Breast reconstruction surgery can be performed on patients who have had either a mastectomy or a lumpectomy due to breast cancer. Breast reconstruction is best thought of as a process, as opposed to a single procedure, because in most cases it takes more than one operation in order to achieve the look, shape, and feel that best meets each woman’s goals. There are several different approaches to breast reconstruction: some women choose to receive breast implants made of silicone or saline, some choose to use a piece of tissue from their body (most commonly the fat and skin from the lower abdomen, which is similar to the tissue removed during a “tummy tuck” procedure).
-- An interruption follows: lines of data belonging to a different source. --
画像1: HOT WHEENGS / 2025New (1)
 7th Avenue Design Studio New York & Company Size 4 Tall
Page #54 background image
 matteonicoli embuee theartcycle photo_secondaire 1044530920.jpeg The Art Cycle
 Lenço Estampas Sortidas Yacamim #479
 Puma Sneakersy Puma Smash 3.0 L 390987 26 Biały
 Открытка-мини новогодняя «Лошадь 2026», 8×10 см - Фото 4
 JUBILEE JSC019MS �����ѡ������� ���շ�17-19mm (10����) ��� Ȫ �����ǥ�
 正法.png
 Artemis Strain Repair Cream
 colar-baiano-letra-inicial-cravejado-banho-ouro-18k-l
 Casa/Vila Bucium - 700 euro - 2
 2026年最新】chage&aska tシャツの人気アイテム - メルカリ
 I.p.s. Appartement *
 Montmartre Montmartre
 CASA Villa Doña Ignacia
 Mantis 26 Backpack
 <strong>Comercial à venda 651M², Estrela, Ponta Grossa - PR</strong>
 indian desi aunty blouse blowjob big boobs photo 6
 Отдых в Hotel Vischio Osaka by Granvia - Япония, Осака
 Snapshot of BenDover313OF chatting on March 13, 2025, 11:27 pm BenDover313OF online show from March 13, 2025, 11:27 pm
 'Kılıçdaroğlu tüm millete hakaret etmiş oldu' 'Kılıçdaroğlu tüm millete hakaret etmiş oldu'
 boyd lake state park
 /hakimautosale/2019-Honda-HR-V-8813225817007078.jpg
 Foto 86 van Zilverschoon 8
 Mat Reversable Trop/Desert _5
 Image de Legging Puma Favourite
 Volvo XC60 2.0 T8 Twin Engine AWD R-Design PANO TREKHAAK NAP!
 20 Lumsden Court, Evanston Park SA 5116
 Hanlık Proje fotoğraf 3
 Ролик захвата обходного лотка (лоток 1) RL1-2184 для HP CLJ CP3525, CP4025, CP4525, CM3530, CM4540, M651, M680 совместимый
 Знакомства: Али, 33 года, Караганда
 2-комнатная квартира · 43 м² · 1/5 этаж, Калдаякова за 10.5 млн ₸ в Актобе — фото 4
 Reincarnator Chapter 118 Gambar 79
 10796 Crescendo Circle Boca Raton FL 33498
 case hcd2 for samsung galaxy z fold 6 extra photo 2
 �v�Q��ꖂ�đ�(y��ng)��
It is possible to have breast reconstruction immediately after treatment for breast cancer (immediate reconstruction). Alternately, it might occur a few months or even years later (delayed reconstruction). Depending on the circumstances, women can choose to have breast removal and reconstruction procedures on one or both of breasts.

PAP flap: skin and fat (without any muscle) is moved from the inner thigh and back of the thigh as a free flap

TUG flap: skin and fat from the inner thigh is collected at the same time as a portion of one of the muscles from the inner thigh.

Latissimus dorsi (LD) flap: Tissue is moved from the patient’s back, and remains connected as a pedicled flap as it swings underneath the axilla (armpit). In most cases a tissue expander or permanent implant is placed underneath the latissimus flap in order to provide sufficient shape and projection.

SGAP/IGAP flaps: tissue is moved form the buttock as a free flap. It does not involve use of any muscle.

Oncoplastic reconstruction after lumpectomy
If a woman has been deemed a good candidate for a lumpectomy (“partial mastectomy”) oncoplastic reconstruction may be a good fit. In oncoplastic reconstruction, the lumpectomy is done simultaneously as a breast lift or a breast reduction (or at most two weeks later). The breast reduction or breast lift helps to fix the shape of the breasts and fills in the hole left by the lumpectomy.

Can a nipple be reconstructed?
Some types of mastectomy keep the nipple and areola (dark skin around the nipple) in place. If the nipple and areaola need to be removed (nipple-sparing mastectomy), then the reconstructive plastic surgeon can create a new one. This is done by one of three options:

Tattoo only: in some cases, women choose to use tattoo only in order to create the appearance of a nipple-areola complex. Because this is in fact “flat” and not three-dimensional, this is best done by a trained specialist who is able to use shading in order to create the appearance of texture and dimensionality.

Surgery + tattoo: in this approach, the skin on the breast is used in order to create a three-dimensional nipple, followed by tattoo to provide pigment to the nipple and surrounding skin to approximate the appearance of an areola.

Nipple sharing + tattoo: if the other nipple is still in place, and if it is very large and would benefit from being reduced, half of that nipple can be removed and placed at the ideal site on the reconstructed breast. This “nipple graft” takes root at the new site, and then tattooing can be performed at a later time in order to give appearance of an areola.